The Incredible True Story of P.T. Barnum, Business Huckster

P.T. Barnum was one of America’s most captivating personalities. Strobridge Litho. Co. / Wikimedia Commons
Huckster, fraud, con-artist, prankster, terrible businessman, incredible businessman. Any of these words and phrases could describe Phineas Taylor Barnum — and any of them would be fitting.
P.T. Barnum was one of America’s most captivating personalities, at once a man who gleefully deceived the public for his own gain while also pulling back the curtain, eventually. Barnum was a man who could take a few thousand dollars, make millions, then turn around and lose them all, and then turn around and repeat the whole process.
But there’s so much more to The Greatest Showman than a few mysterious carnival tents. Barnum’s life — much like his attractions — is a thing of wonder.
The Lessons of Barnum’s Youth

Barnum was born on July 5, 1810 in Bethel, Connecticut, a quaint New England town within a two-hour train ride to New York City. His father, Philo, held many not terribly profitable jobs, including farmer, grocer, storekeeper, and country tavern keeper. His maternal grandfather, Phineas (for whom he was named after) really enjoyed practical jokes.
When Barnum was born, his grandfather bestowed him a mysterious tract of land called Ivy Island. He would frequently tell the young child that he was the richest boy in town because of it. At 10-years-old, P.T. finally got to visit the property — it was nothing more than a few acres of swampy, hornet-infested land.
His Father Died Young

Philo died when he was 48-years-old. P.T., at the age of 15, was now the man of the family. Philo had left nothing behind — little Barnum had to borrow money just to buy funeral shoes.
Shortly thereafter, in 1826, he went to apprentice as a clerk. Already, he was scheming to make more money — and get noticed. He traded for a wagon-load of green glass bottles in exchange for his own “unsalable goods at very profitable prices,” he wrote in his autobiography “Struggles and Triumphs: or, Forty Years’ Recollections of P. T. Barnum.”
Needing a way to dispose of the bottles along with some other worn-out containers, he created a lottery, with the highest prize being $25 worth of shop goods.

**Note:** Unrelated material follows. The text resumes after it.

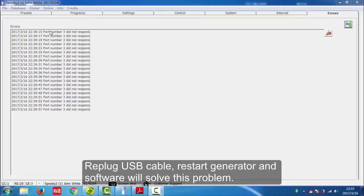Now it is shown that port number 3 did not respond. It means that your generator has communication problem with your software.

He used the containers as ticket holders and quickly sold them off. The lottery became a smash hit, and eventually his businesses extended to several branches throughout Connecticut. Barnum moved back to Bethel and became a lottery agent, this time selling Connecticut lottery tickets. That led to enough success that he could open a sundry shop, the “yellow store,” along with his uncle.
But Barnum was not yet a shrewd businessman. The yellow store bled money as Barnum acquired too much debt; he bought out his uncle and closed up shop by 1833.
Barnum Gets Sued

While operating the yellow store, Barnum also became involved in local politics — well, insofar as writing about them. After a weekly paper in Danbury, Connecticut, refused to release some of his politically-charged editorials, Barnum created and distributed his very own newspaper, “The Herald of Freedom,” in 1831, at 21-years-old.
It didn’t go smoothly.
Barnum wasn’t a journalist, and as such, didn’t really know how far he could go. Over three years he was charged with libel three times. The first time, where he accused a Danbury butcher of being a political spy, the court fined him several hundred dollars. The second was withdrawn, while the third libel suit earned him a fine of $100 and 60 days in prison. He had accused a deacon from the town of Bethel of having “been guilty of taking usury of an orphan boy.”
Barnum was 23.
Getting a Taste of Notoriety

But Barnum reveled in his newfound notoriety and having gained the attention of the public. He wrote, “[A]t the end of my sixty days’ term the event was celebrated by a large concourse of people from the surrounding country…. An ode, written for the occasion, was sung; an eloquent oration on the freedom of the press was delivered; and several hundred gentlemen afterwards partook a sumptuous dinner followed by appropriate toasts and speeches.”
Selling both “The Herald of Freedom” and the yellow store, Barnum and his family (he had married Charity Hallett in 1829) took to New York City in the winter of 1834.